Strategi yang harus diakui elegan. Tapi targetnya bukan hanya itu. Target utamanya tetap mengkondisikan informasi dan pola pikir. Sistem pemahaman terbalik. Ketika semua tuduhan ternyata salah, maka logikanya dia adalah yang benar.

Benar salah tidak berlaku lagi. Karena sekarang siapa yang paling banyak memposisikan diri sebagai berita, sebagai tokoh, sebagai sisi yang dibenarkan, maka biasanya dianggap benar. Bukan benar yang sejati, hanya dianggap.
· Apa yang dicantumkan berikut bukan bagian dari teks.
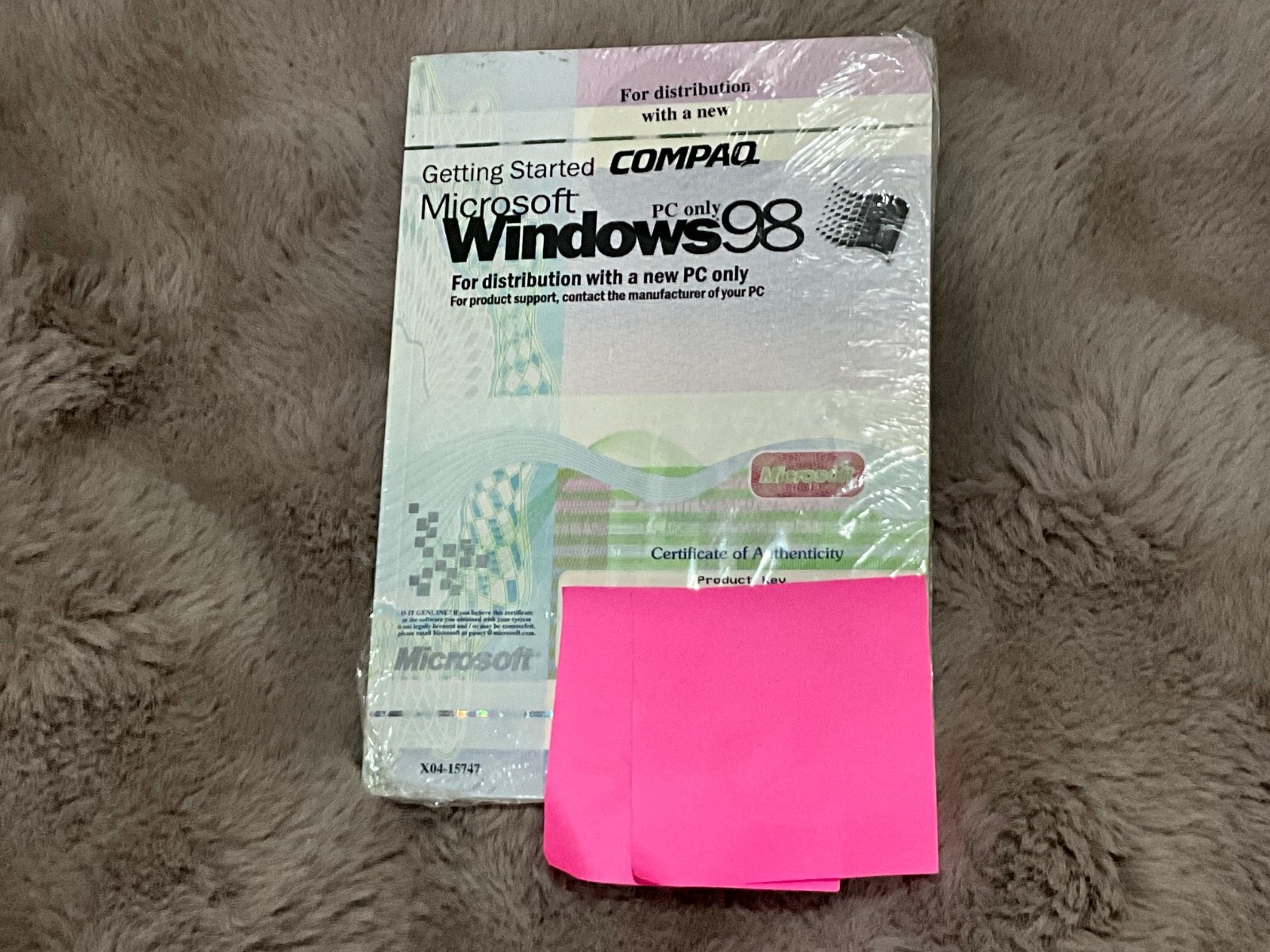 Microsoft Windows 98 Product Key Distribution COMPAQ Book with CD. SEALED
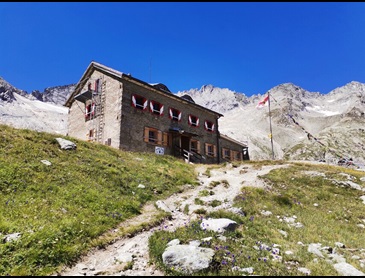 hut bergen zillertal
Tapi itu yang dibutuhkan, itu yang ditargetkan.

Katakan saja bagaimana penilaian terhadap pelaku korupsi.
Kalau itu koruptor dari partai yang dibenci atau pihak berlawanan, mulailah istilah koruptor digunakan, disiram cuka dengan cara menampilkan penderitaan rakyat miskin, ditabur lada dengan mengungkit gaya hidup yang kadang tak seberapa dibanding artis, atau secuil kemewahan yang ditiup sehingga menggembung menjadi sangat luar biasa mewah.

Tapi bila terjadi sebaliknya, maka istilah korupsi menjadi lebih halus. Berubah dari korupsi menjadi ‘pelanggaran penggunaan anggaran.’

Untuk apa dunia ini dikondisikan?

Sederhana saja. Ada tiga hal yang mungkin ingin dicapai.

Satu, mengubah pandangan tentang suatu hal, sesuai dengan kepentingan pihak tertentu. Disisi lain juga mempengaruhi pemikiran dari ‘penonton’ media.

Dua, menggeser titik fokus. Ketika sedang dibahas soal korupsi, maka mulai gencar diberitakan tentang sinetron Keren Sih Tapi Babi Ngepet. Bisa jadi sinetronnya memang bermasalah, tapi soal difokus habis total itu lebih bermasalah sebenarnya, sampai kasus korupsinya terlupakan.

Tiga, menciptakan ketidak pedulian. Masyarakat apatis, yang tak perduli, jauh lebih menyenangkan bagi mereka yang ingin mengeruk keuntungan pribadi dari negeri ini. Karena terlalu banyak berita buruk, terlalu banyak simpang siur, akhirnya tak perduli lagi. Dan memang itu (lagi-lagi) yang diharapkan.

Dan kenapa juga tulisan ini mendadak jadi seperti kolom politik di koran kelas menengah, mendadak serius, dan berat. Baiklah, kita pada sampai disini. Semoga tulisan selanjutnya lebih ringan.





[1] Kata-katanya dilatih.
[2] Kata-katanya dipilih.
[3] Sebagian, karena sebenarnya cukup banyak para ‘trainer’ yang memang mendedikasikan dirinya untuk berbagi semangat, berbagi motivasi, dan punya impian untuk menjadi bagian dari gerakan membangun dunia yang lebih baik.
[4] Yang sebenarnya hanya akting saja.
[5] Itu sebabnya, saat pemilihan, pilihlah dengan benar dan serius. Salah pilih, maka lima tahun kita mederita. Dan mereka lima tahun menabung untuk masa depannya.